Les hôpitaux et les maisons de retraite étaient particulièrement préoccupants, ont déclaré des responsables, avec de nombreux patients âgés et vulnérables dans des bâtiments sans climatisation. Les responsables ont exhorté les écoles, au cours de leur dernière semaine de cours avant une pause, à ne pas fermer car cela laisserait les enfants sans surveillance dans la chaleur – une directive que certains districts scolaires ignoraient.
Pour la plupart, cependant, les Britanniques ont tout enduré avec stoïcisme. Mona Suleiman, 45 ans, et son amie, Zaina Al Amin, 40 ans, attendaient un bus sous le soleil de l’après-midi et regardaient la température monter régulièrement.
« Je ne suis pas inquiète pour moi dans cette chaleur », a déclaré Mme Suleiman, originaire d’Érythrée. « Mais je m’inquiète pour mes enfants. »
Son appartement devient trop chaud, dit-elle, et bien qu’on lui ait conseillé de garder ses enfants de 6 et 10 ans à la maison après l’école d’été, elle a décidé de les envoyer parce qu’elle pensait qu’il pourrait faire plus frais là-bas.
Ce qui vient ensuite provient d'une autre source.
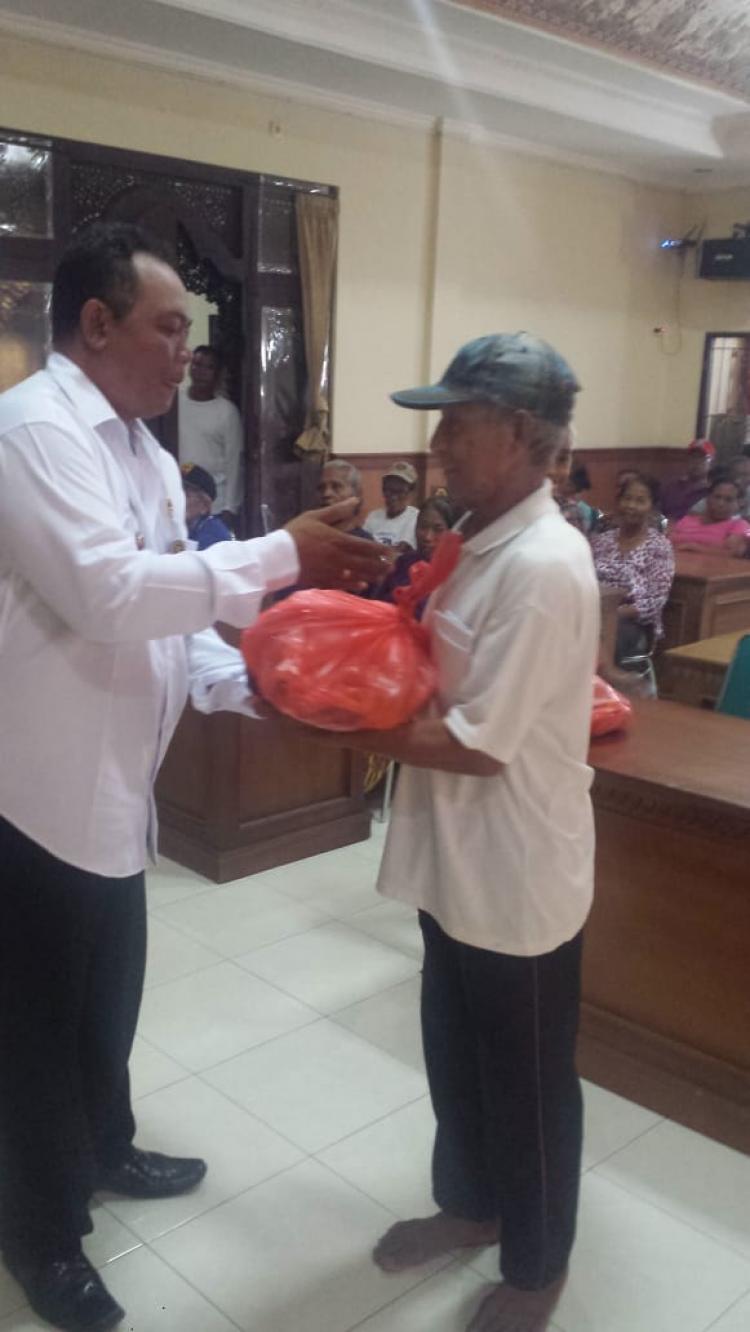 Perbekel I Wayan Suarnyana Menyerahkan Bingkisan Kepada Lansia dan Veteran Desa Jagapati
Mme Al Amin a déclaré qu’elle et Mme Suleiman, qui portaient des vêtements et des foulards traditionnels érythréens, ne craignaient pas la chaleur dans leurs vêtements en coton léger. Mais ils craignaient de monter dans le bus. « C’est trop difficile », dit-elle. « Il n’y a pas assez d’air. »
D’autres à Londres semblaient moins gênés, comme les quatre artistes peignant des graffitis sur un mur mural à l’extérieur de la Trellick Tower, un immeuble d’habitation de grande hauteur. « Ce n’est rien, mon pote », a déclaré l’un d’eux. « Je serai de retour ici demain. »
Pour quelques Londoniens, la réponse était de se diriger vers la plage. Sam Darlaston et Imogen Duffin ont pris un train de midi de la gare Victoria à la station balnéaire de Brighton. Les amis, tous deux âgés de 28 ans, avaient pris la décision impulsive de prendre une journée de congé une heure avant le départ du train.
M. Darlaston, un animateur de radio portant une chemise à thème hawaïen, a déclaré qu’il était heureux de ne pas être de retour dans un studio étouffant. « Je pensais que je devrais peut-être travailler », a-t-il dit, « et parfois au travail, vous devez porter un pantalon et une chemise, si vous interviewez quelqu’un. »
Le reportage a été fourni par Megan Specia, Stephen Castle, Euan Ward et Derrick Bryson Taylor à Londres, Constant Méheut et Aurelien Breeden à Paris, et Saskia Solomon à Brighton, en Angleterre.